Section 8. Amend §732, Title 5 of the Delaware Code by striking said section in its entirety and substituting a new “§732” in lieu thereof as follows:
Ҥ732. Commencement of corporate existence.
Upon the issuance of the certificate of incorporation or certificate of formation by the Secretary of State and the recording of the certificate and articles of organization as provided in § 731 of this title, the corporation or limited liability company named in such certificate and articles of organization shall from the date of the certificate be and constitute a corporation or limited liability company, for the purposes and by the name set forth in the certificate, subject to dissolution, termination or the revocation or forfeiture of the franchise under this chapter or under this Code or any other statute of this State relating to the dissolution or termination of or to the revocation or forfeiture of the charter or franchise of banks or trust companies; but the corporation or limited liability company shall not have the right to do any business until it has secured from the State Bank Commissioner of this State the certificate provided for in § 733 of this title.”
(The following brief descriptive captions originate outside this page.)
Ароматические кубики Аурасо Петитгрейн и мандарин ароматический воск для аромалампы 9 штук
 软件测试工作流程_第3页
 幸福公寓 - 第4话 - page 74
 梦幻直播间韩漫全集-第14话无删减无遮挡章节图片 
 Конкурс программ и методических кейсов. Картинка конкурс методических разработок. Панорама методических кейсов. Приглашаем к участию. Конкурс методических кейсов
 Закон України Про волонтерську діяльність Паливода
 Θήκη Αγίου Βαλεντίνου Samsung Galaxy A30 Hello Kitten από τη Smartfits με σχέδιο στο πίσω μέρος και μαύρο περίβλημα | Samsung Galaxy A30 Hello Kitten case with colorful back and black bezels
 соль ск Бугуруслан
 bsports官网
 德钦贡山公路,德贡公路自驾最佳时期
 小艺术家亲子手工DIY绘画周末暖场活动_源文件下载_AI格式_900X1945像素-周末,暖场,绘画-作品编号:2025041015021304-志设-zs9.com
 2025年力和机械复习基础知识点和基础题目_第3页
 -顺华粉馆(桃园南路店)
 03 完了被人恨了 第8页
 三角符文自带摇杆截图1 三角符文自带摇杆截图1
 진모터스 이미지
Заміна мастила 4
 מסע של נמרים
Section 9. Amend § 749(a), Title 5 of the Delaware Code, by deleting the words “charters or certificates of incorporation” and replacing them with “charters, certificates of incorporation, certificates of formation or articles of association”.
Section 10. Amend § 749(b), Title 5 of the Delaware Code, by deleting the words “charter or certificate of incorporation” in the first sentence and replacing them with “charter, certificate of incorporation or articles of association”.
Section 11. Amend§ 749(b), Title 5 of the Delaware Code, by inserting the words “or, in the case of a trust company that is a limited liability company, its certificate of formation or articles of association relating to regulation and governance of limited liability companies formed under Title 6, in each case” after the words “under Title 8,” in the first sentence.
Section 12. Amend § 749(b), Title 5 of the Delaware Code, by deleting the words “certificate of incorporation” in the third sentence and replacing them with the words “charter, certificate of incorporation, certificate of formation or articles of association adopted”.
Section 13. Amend § 749(c), Title 5 of the Delaware Code, by inserting the words “or, in the case of a trust company that is a limited liability company, as prescribed in Chapter 18 of Title 6 for the amendment of the certificate of formation or limited liability company agreement of a limited liability company” at the end of the first sentence after the words “capital stock”.
Section 14. Amend § 776(b), Title 5 of the Delaware Code, by inserting at the end of thereof the following words: “, except to the extent otherwise provided in § 722 of this chapter for a trust company that is formed as a limited liability company”.